- WORK TO BE COMPLETED -
The answer must be an exact copy of every record below.

- PROVIDED ENTRIES -
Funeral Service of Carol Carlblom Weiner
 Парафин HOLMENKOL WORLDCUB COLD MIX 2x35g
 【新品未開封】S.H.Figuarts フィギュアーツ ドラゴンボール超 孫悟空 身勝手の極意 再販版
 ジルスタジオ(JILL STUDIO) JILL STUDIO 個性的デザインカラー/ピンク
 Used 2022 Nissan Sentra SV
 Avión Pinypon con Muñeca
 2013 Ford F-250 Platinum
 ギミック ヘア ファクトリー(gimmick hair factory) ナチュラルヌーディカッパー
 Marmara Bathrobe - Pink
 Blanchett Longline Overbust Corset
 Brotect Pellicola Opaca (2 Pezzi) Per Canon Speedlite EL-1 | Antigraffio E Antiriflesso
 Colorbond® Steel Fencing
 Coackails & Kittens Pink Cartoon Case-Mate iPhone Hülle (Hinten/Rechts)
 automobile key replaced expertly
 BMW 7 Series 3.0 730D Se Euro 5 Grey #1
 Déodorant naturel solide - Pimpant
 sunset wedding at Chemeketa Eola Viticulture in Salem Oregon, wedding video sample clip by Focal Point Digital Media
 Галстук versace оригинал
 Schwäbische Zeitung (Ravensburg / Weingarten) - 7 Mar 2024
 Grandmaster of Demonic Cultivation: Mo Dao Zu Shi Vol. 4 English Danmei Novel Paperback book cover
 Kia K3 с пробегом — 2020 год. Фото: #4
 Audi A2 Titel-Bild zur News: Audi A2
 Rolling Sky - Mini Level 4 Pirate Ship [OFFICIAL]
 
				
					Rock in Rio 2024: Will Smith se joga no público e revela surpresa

- ANSWER TO THE PROBLEM -
Funeral Service of Carol Carlblom Weiner
 Парафин HOLMENKOL WORLDCUB COLD MIX 2x35g
 【新品未開封】S.H.Figuarts フィギュアーツ ドラゴンボール超 孫悟空 身勝手の極意 再販版
 ジルスタジオ(JILL STUDIO) JILL STUDIO 個性的デザインカラー/ピンク
 Used 2022 Nissan Sentra SV
 Avión Pinypon con Muñeca
 2013 Ford F-250 Platinum
 ギミック ヘア ファクトリー(gimmick hair factory) ナチュラルヌーディカッパー
 Marmara Bathrobe - Pink
 Blanchett Longline Overbust Corset
 Brotect Pellicola Opaca (2 Pezzi) Per Canon Speedlite EL-1 | Antigraffio E Antiriflesso
 Colorbond® Steel Fencing
 Coackails & Kittens Pink Cartoon Case-Mate iPhone Hülle (Hinten/Rechts)
 automobile key replaced expertly
 BMW 7 Series 3.0 730D Se Euro 5 Grey #1
 Déodorant naturel solide - Pimpant
 sunset wedding at Chemeketa Eola Viticulture in Salem Oregon, wedding video sample clip by Focal Point Digital Media
 Галстук versace оригинал
 Schwäbische Zeitung (Ravensburg / Weingarten) - 7 Mar 2024
 Grandmaster of Demonic Cultivation: Mo Dao Zu Shi Vol. 4 English Danmei Novel Paperback book cover
 Kia K3 с пробегом — 2020 год. Фото: #4
 Audi A2 Titel-Bild zur News: Audi A2
 Rolling Sky - Mini Level 4 Pirate Ship [OFFICIAL]
 
				
					Rock in Rio 2024: Will Smith se joga no público e revela surpresa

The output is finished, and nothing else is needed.